Her 9-year old son comes home unexpectedly, so she shoves the kid in the closet and shuts the door. The husband also comes home, so she puts her lover in the closet, with the little boy.
The little boy says, "Dark in here."
The man says, "Yes, it is."
The boy says, "I have a baseball."
Man, "That's nice."
Boy, "Want to buy it?"
Man, "No, thanks."
Boy, "My dad's outside."
Man, "OK, how much?"
Boy, "$250."
The next few weeks, it happens again that the boy and the lover are in the closet together.
Boy, "Dark in here."
Man, "Yes, it is."
Boy, "I have a baseball glove."
The lover remembering the last time, asks the boy, "How much?"
Boy, "$750."
Man, "Fine."
A few days later, the father says to the boy, "Grab your glove, let's go outside and have a game of catch."

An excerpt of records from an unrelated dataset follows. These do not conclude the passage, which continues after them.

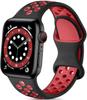 Correa de silicona de doble color compatible con Apple, hebilla de mariposa de 8 hebillas, correa para iWatch con borde cruzado, gran oferta.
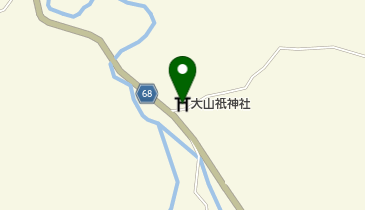 大山祇神社の地図画像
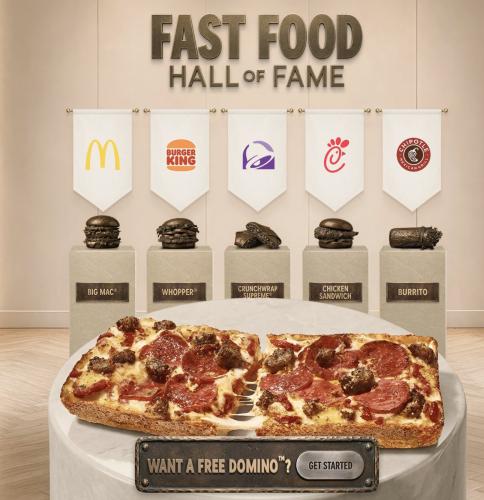 Free Pizza from Domino's - No Receipt Needed deal at Domino's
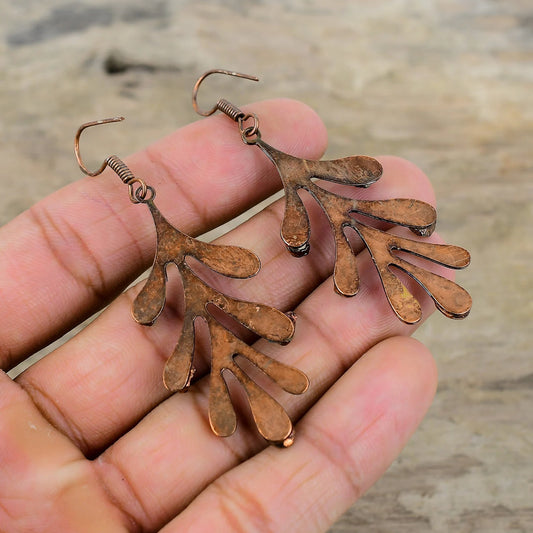 Neon Apatite Copper Earrings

The boy says, "I can't, I sold my baseball and my glove."
The father asks, "How much did you sell them for?"
Boy, "$1,000"
The father says, "That's terrible to overcharge your friends like that...that is way more than those two things cost. I'm going to take you to church and make you confess."
They go to the church and the father makes the little boy sit in the confession booth and he closes the door.
The boy says, "Dark in here."
The priest says, "Don't start THAT again."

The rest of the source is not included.